[Scraped caption text data]
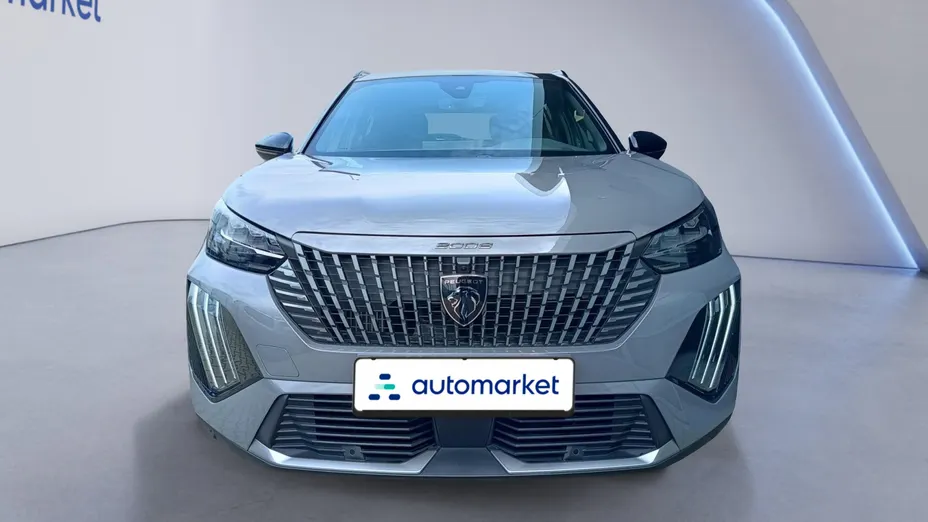 PEUGEOT 2008 2008 PureTech 130 GT S&S EAT8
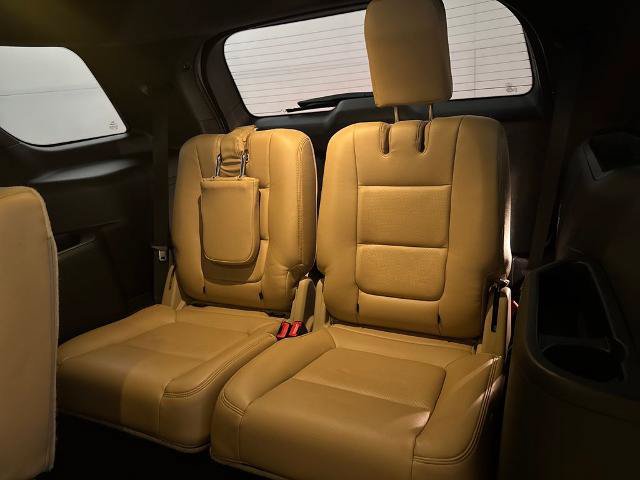Certified 2017 Ford Explorer FWD image 31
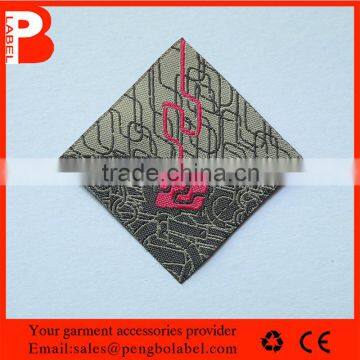 Cheap Woven Labels Low Minimum Quantity for Woman Garments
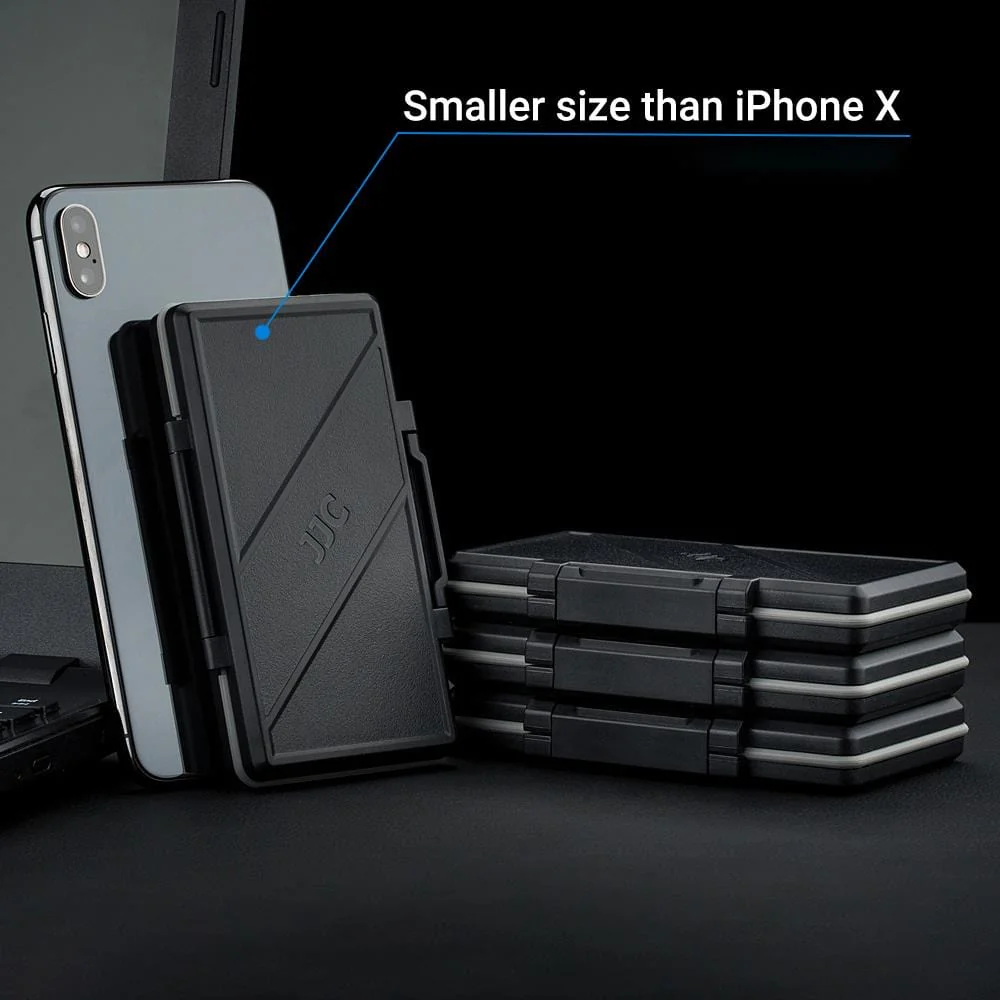 36-Slot Tough MicroSD/SD Storage Case - Image 9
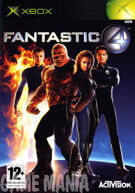 Fantastic Four product image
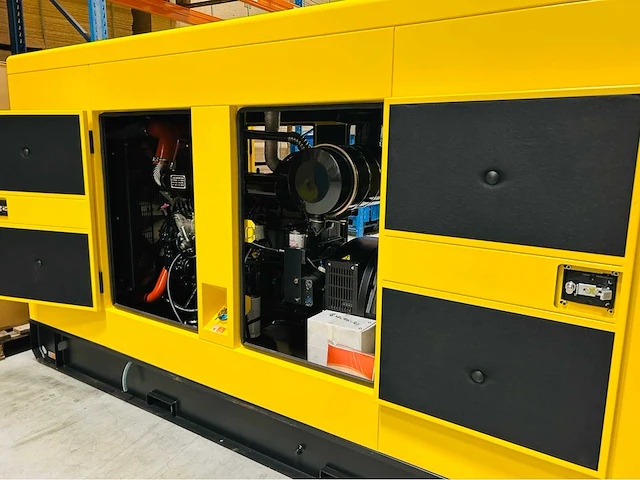 Rte - 2025 - 7748 - 150kva noodstroomaggregaat 400v - afbeelding 4 van  24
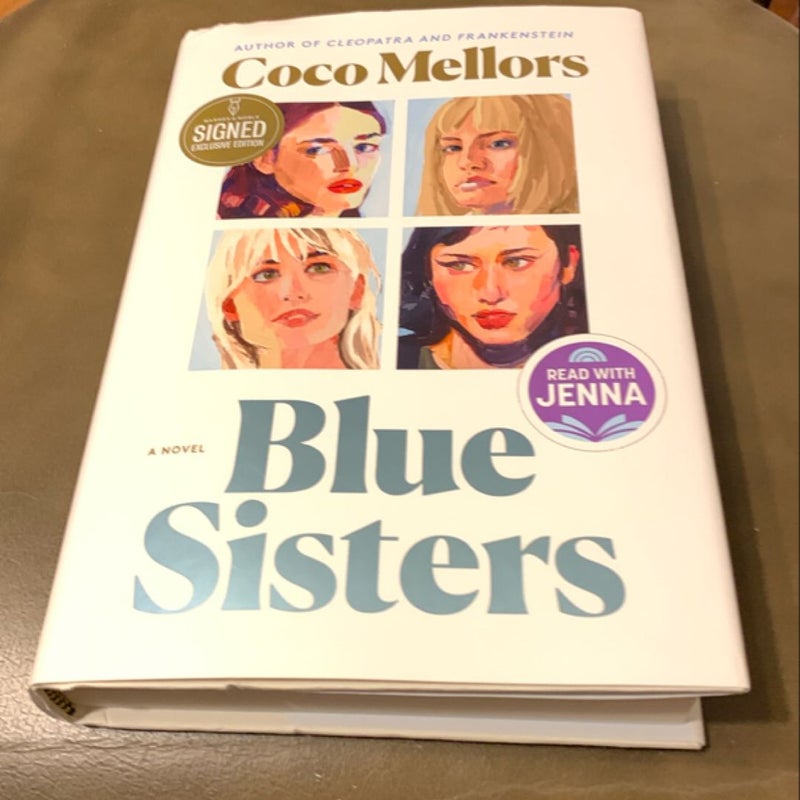 Blue Sisters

▸ **Exercise brief**:
Print the records again exactly, pictures excluded.

▸ **Your solution**:
 PEUGEOT 2008 2008 PureTech 130 GT S&S EAT8
Certified 2017 Ford Explorer FWD image 31
 Cheap Woven Labels Low Minimum Quantity for Woman Garments
 36-Slot Tough MicroSD/SD Storage Case - Image 9
 Fantastic Four product image
 Rte - 2025 - 7748 - 150kva noodstroomaggregaat 400v - afbeelding 4 van  24
 Blue Sisters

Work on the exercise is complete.